REQUIREMENT:
Copy out the data that comes next, character for character, and leave the images aside.

STORED DATA:
|---|
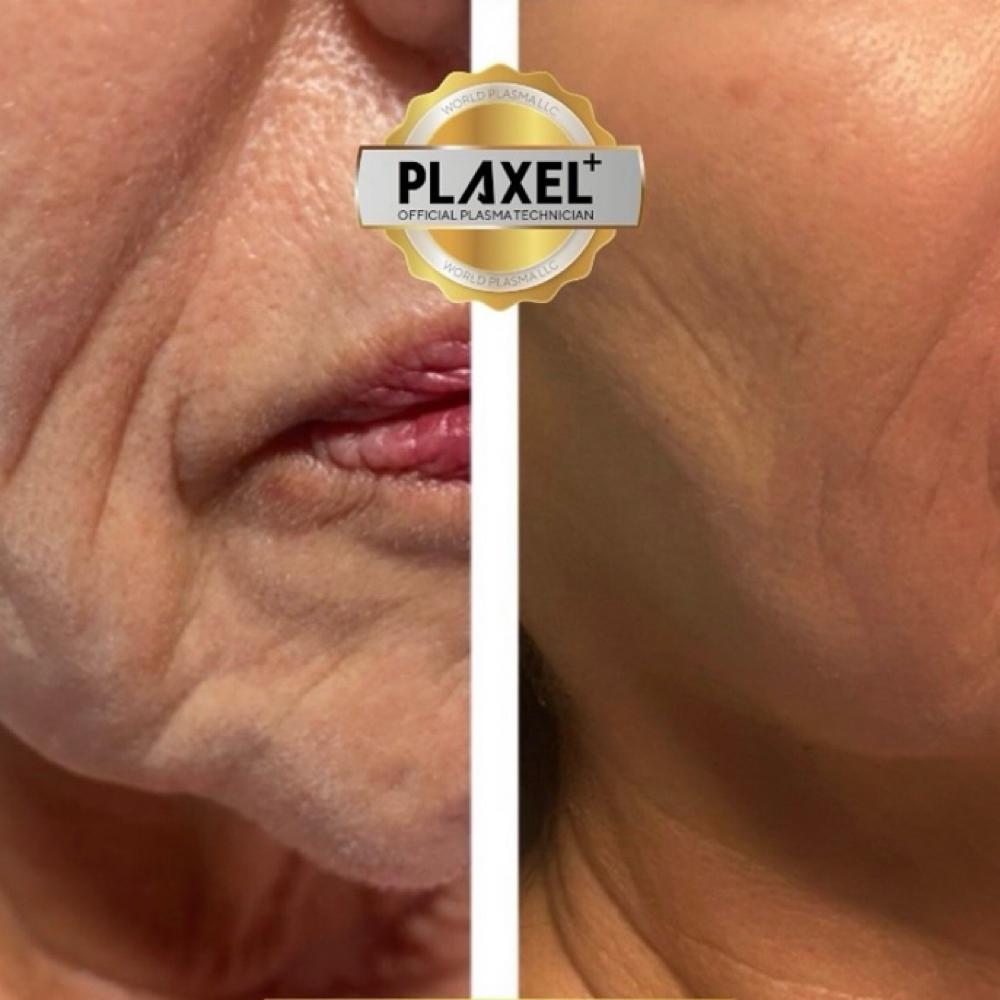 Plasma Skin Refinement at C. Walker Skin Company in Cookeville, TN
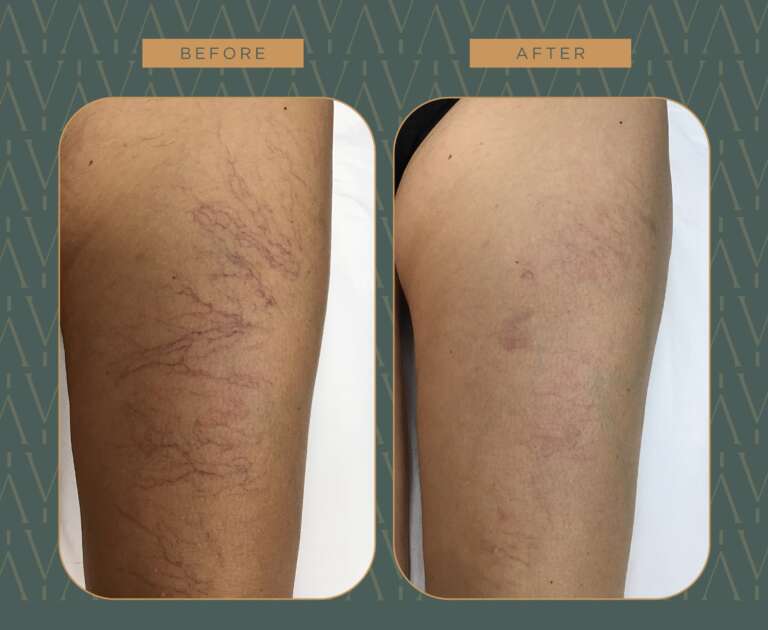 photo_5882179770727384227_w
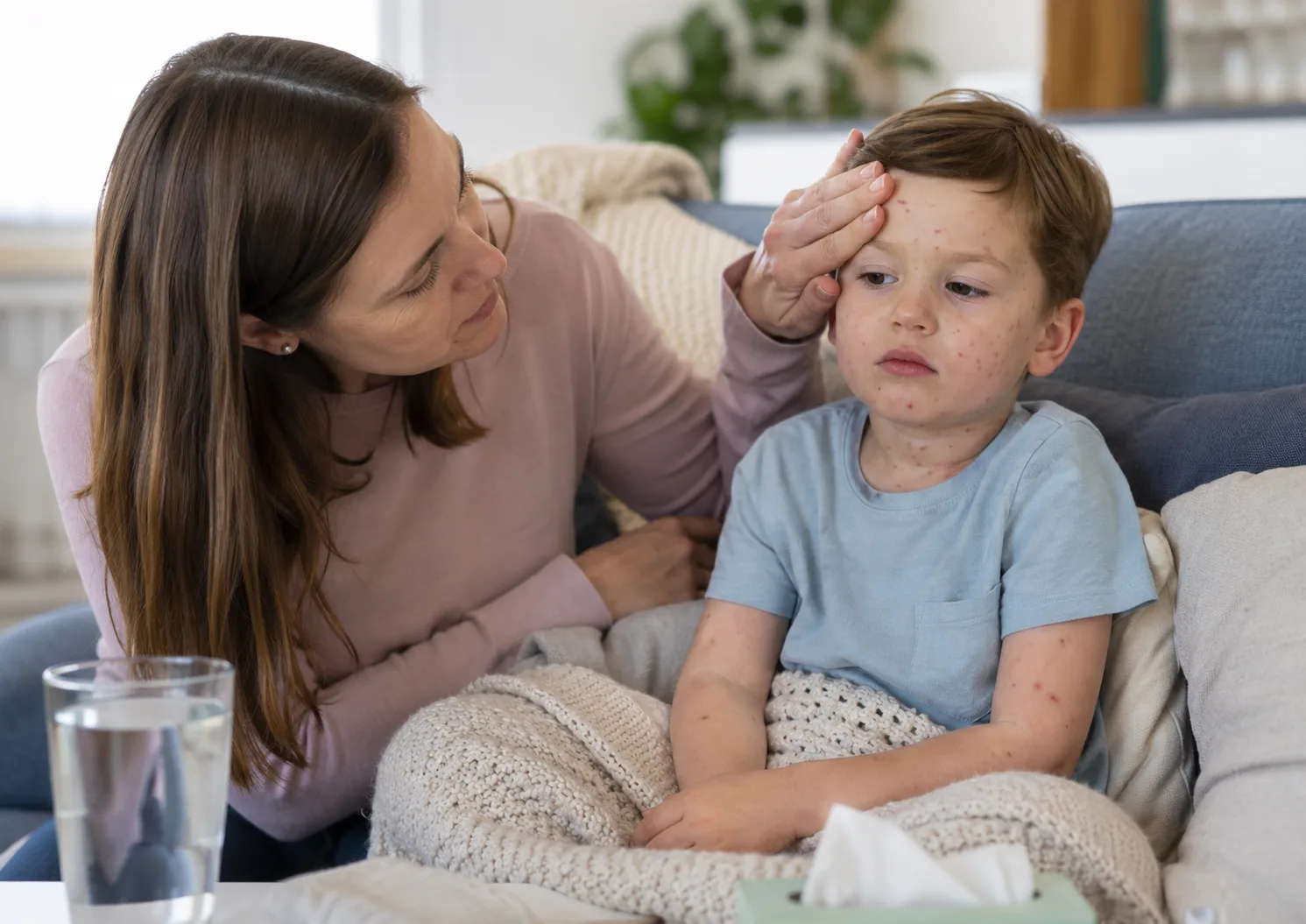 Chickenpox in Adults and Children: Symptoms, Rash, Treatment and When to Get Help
|---|
RESULT:
 Plasma Skin Refinement at C. Walker Skin Company in Cookeville, TN
 photo_5882179770727384227_w
 Chickenpox in Adults and Children: Symptoms, Rash, Treatment and When to Get Help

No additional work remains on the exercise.